Publié le 14 Mars 2019, 08:31am

"Le Monde Ou Rien" : pourquoi PNL traverse déjà la société

Avec un premier album sorti en début d’année, un second publié fin octobre et une série de clips graphiques distribués à l’instinct pour incarner le projet, PNL est la grande révélation du rap français en 2015. Mieux, le duo originaire des Tarterêts impose un style et une forme d’expression qui dépassent largement le cadre du hip-hop. Et de la musique.

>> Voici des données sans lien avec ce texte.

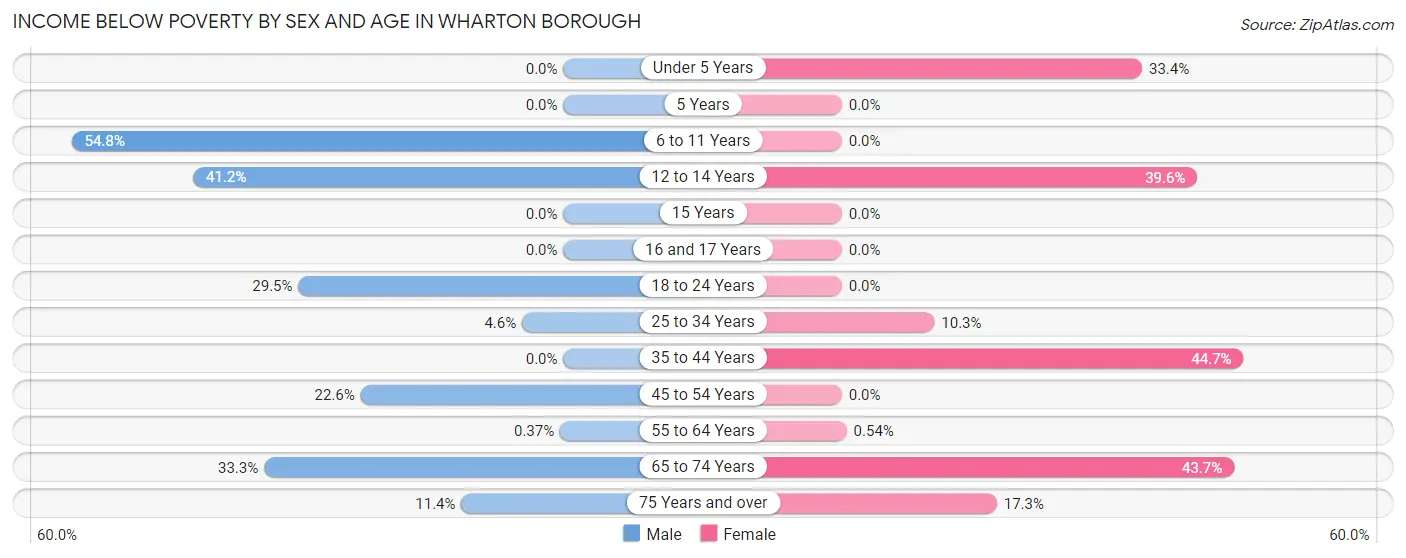 Income Below Poverty by Sex and Age in Wharton borough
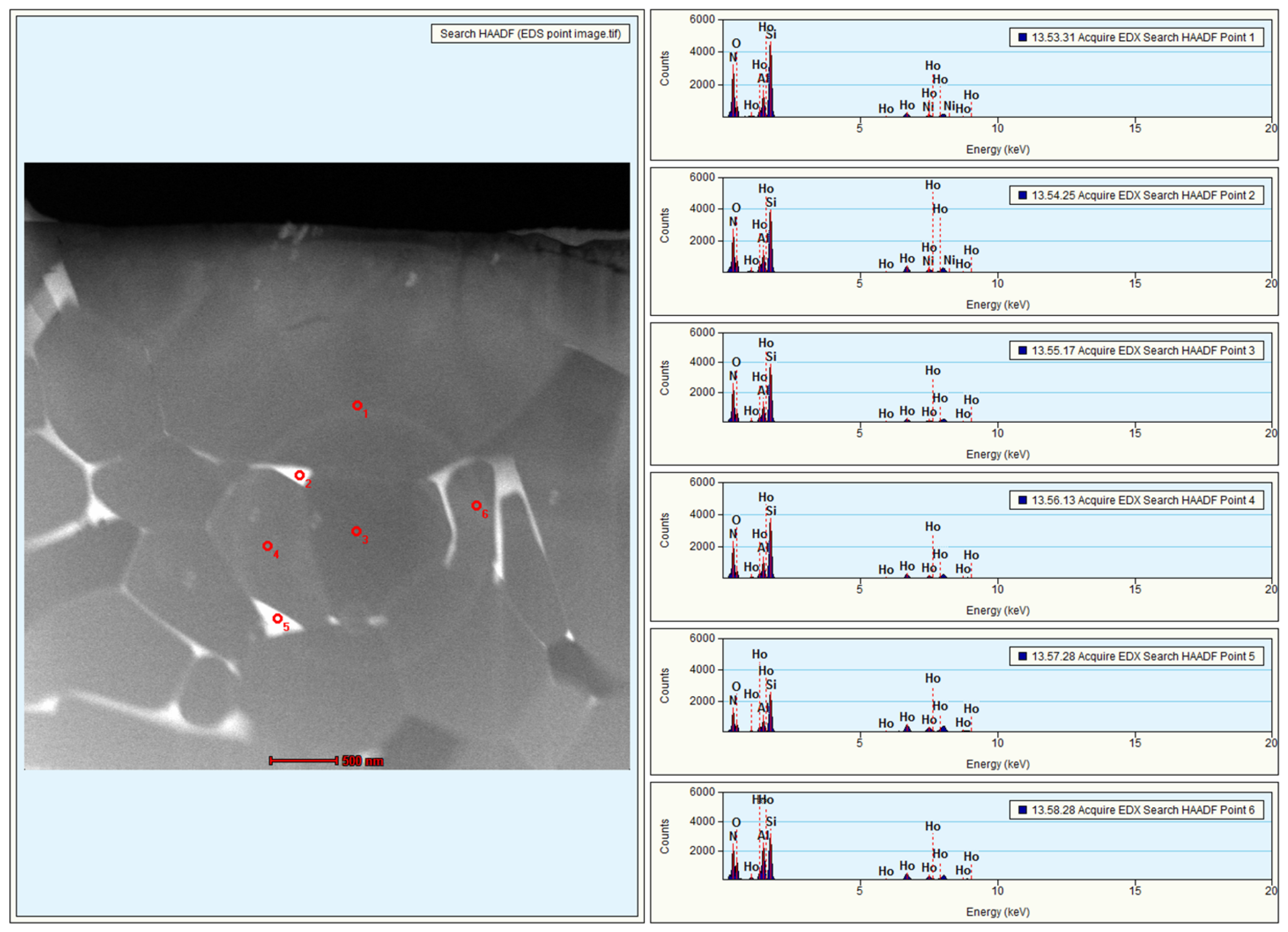Materials 15 06715 g003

Il y a encore quelques semaines, lancer une recherche sur Google en associant les lettres P, N et L conduisait en premier lieu à la lecture d’un article du site Psychologies.com sur la programmation neuro-linguistique. Une thérapie rapide mise au point en 1972 par un professeur et un psychothérapeute américains pour aider n’importe quel patient à "développer des comportements de réussite en lui apprenant à mobiliser ses ressources et à utiliser ses sens". À bien écouter la progression fulgurante de N.O.S et Ademo, les deux rappeurs qui tordent la réalité et les certitudes du rap français sous l’acronyme PNL, on se demande si une nouvelle forme d’application de la méthode n’a pas été découverte à Corbeil-Essonnes, au cœur de la cité des Tarterêts. Avec un paradoxe jouissif comme procédure d'affirmation : cultiver le mystère tout en occupant au maximum l'espace visuel à la faveur de vidéos graphiques, encore plus addictives que les morceaux qu'elles incarnent.

Image, mystère et suspense

Depuis le début de l'année 2015 et la distribution de leur premier album intitulé QLF, l'excitation ne cesse de grandir autour du projet PNL (pour Peace N Lovés). Pour l'instant, le groupe ne déroge pas à la règle imposée par sa stratégie de communication. Les mecs ne parlent pas, refusent d'accorder la moindre interview et préfèrent laisser éclater la singularité de leur rap atmosphérique à travers les pixels des clips que les plus fans d'entre vous cliquent sans relâche en criant Ounga wa wa. Bien vu. Même s'il n'y a évidemment rien de très novateur à jouer la carte du repli et de la discrétion pour exalter les attentes – de Mylène Farmer à Daft Punk en passant par Fauve et Swagg Mann, d'autres génies contemporains savent très bien actionner les leviers du marketing de l'absence et du mystère pour déclencher d'irrationnelles addictions.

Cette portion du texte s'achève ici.